Perhaps I fooled you? You may think I am talking about the Grand Slam of Golf or a Bridge tournament. Yes, I have been to several U.S. Opens, as well as the Masters. But I have not been to the British Open (though I played at Carnoustie just a week after van de Velde imploded) and have played many courses used by the PGA tournament (Kohler, Pinehurst, Harding).
I am referring to tennis this time. I have attended Wimbledon (7 days of tennis), and the U.S. Open at Flushing. I am heading out to Stade Roland Garros in Paris for my third leg of the Slam. And you know that Paris is one of my least favorite places in the world. Yet, I trudge onward and upward.
The French Open began in 1891 and was originally called the French Championships. The tournament was (in the first 34 years) open only to French players, and players who were a member of a French club. The first tournament was won by a Brit, Mr. H. Briggs.
Today, the French Open is a two-week tournament, held at Stade Roland Garros in Paris. Beginning in late May, it is the second leg of the Grand Slam tournaments. It is the only Grand Slam tournament held on a clay surface. Until 1975, it was the only Grand Slam tournament not played on grass.

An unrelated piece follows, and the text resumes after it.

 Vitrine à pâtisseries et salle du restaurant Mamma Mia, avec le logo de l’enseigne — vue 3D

Seven rounds are needed to win the tournament, with men playing the best of five sets, while the women play the best of three sets. As such, it is considered the most demanding of the Grand Slam tournaments since the ball stays in play longer. Clay courts tend to slow the ball down and produce a higher bounce. Hence, it favors players with solid ground strokes, and all-around court play, rather than the hard serve and volley types.
I have actually played on a clay court several times, both back home in the Bay Area, as well as in Mexico. And I have played on grass courts at Wailea Tennis Club on Maui, but I have not made it onto the grass courts at Wimbledon…..yet! And I doubt I will attend the Aussie Open in January, since it takes place in the middle of the summer heat.

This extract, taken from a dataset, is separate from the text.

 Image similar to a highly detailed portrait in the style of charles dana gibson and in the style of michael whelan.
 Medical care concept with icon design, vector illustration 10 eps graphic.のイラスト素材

All the greats have played here, but not all have won here. Noted top ranked players who have not won here include Jimmy Connors, John McEnroe, Pete Sampras, John Newcombe, Martina Hingis, Venus Williams, and Boris Becker. Only seven players have won the French, as well as a grass court major: Rod Laver, Roger Federer, Andre Agassi, Rafa Nadal, Jan Kodes, Bjorn Borg, and Novak Djokovic.

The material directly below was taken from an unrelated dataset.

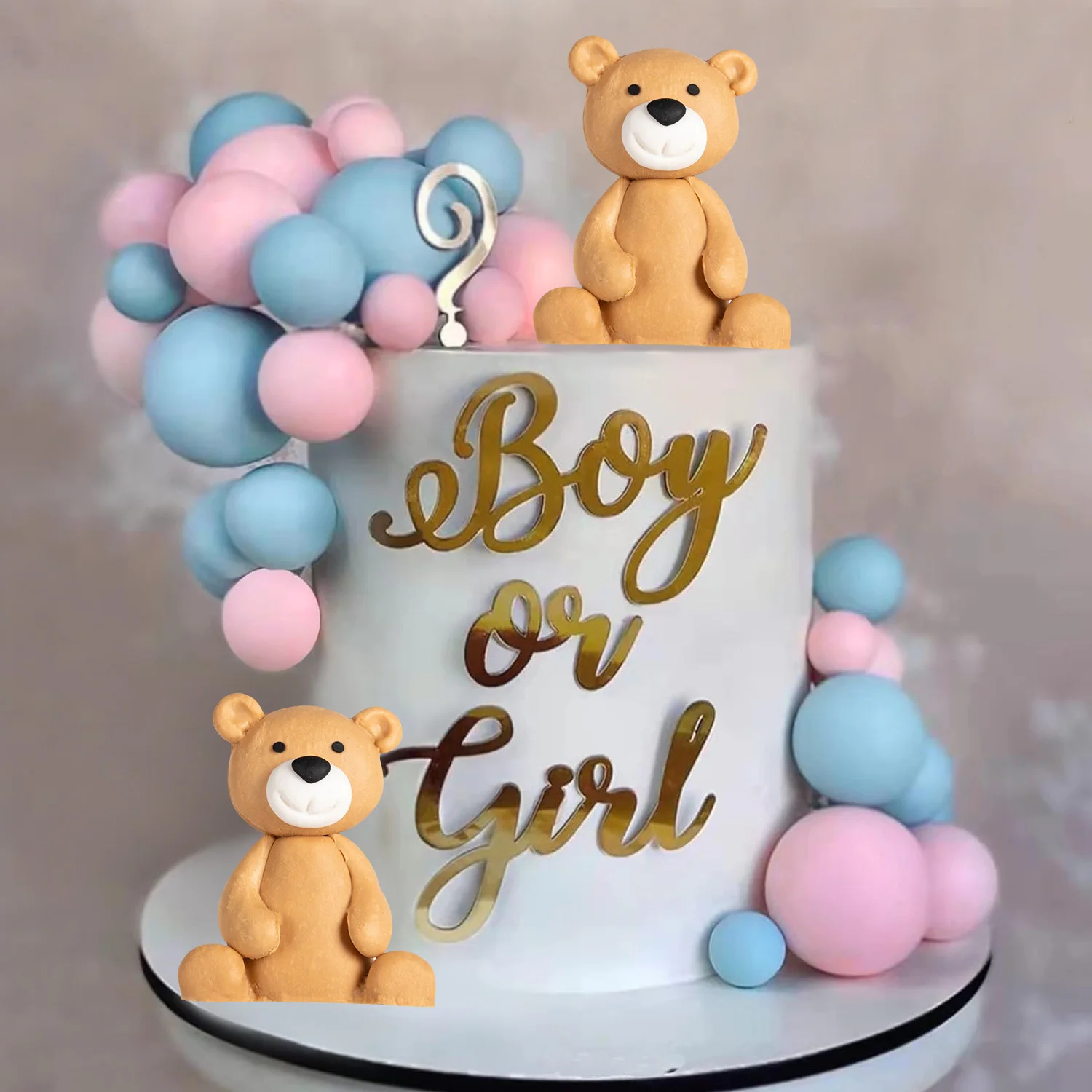 22 Stück Kugeln in verschiedenen Größen, braune Bärenkugeln, Geschlecht offenbaren Kuchenaufsätzen für Geburtstag, Babyparty, Partydekorationen (Rosa, Blau) Image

An American male has not won since 1999, when Agassi won. The women’s singles was last won by an American, Serena Williams in 2015. The Bryan brothers won the men’s doubles for the US in 2013. And back in 2010, the Williams sisters won the women’s doubles.
But I really don’t care who wins, though I enjoy seeing some young Americans move up the tennis hierarchy. And I will always root for Naomi Osaka from Japan. I am here to experience the craziness and weirdness of the French Open. It seems the most vocal of the four majors, and the fans are both loud, and partisan.
I am most interested to see how much this tournament differs from both Wimbledon and the US Open. They say each Slam event has a different feel. Wimbledon has the tradition, and the British attitude. The US Open is a typical New York style event, bold, brash, but knowledgeable. The French Open, at least on television, appears to be a raucous event, very provincial and loud!
Sadly, I was unable to see the great Naomi Osaka from Japan play, as she lost in the 1st round to young American, Amanda Anisimova. But I did get to see many others, including, Coco, Tsitsipas, Zverev, Shapavalov, Switek, many young American players, and some fast mens doubles.
But I am deeply disappointed in the food here, as Wimbledon has far surpassed the French with food and drink at the Slam. But the French put on a first class event, with great safety and efficiency.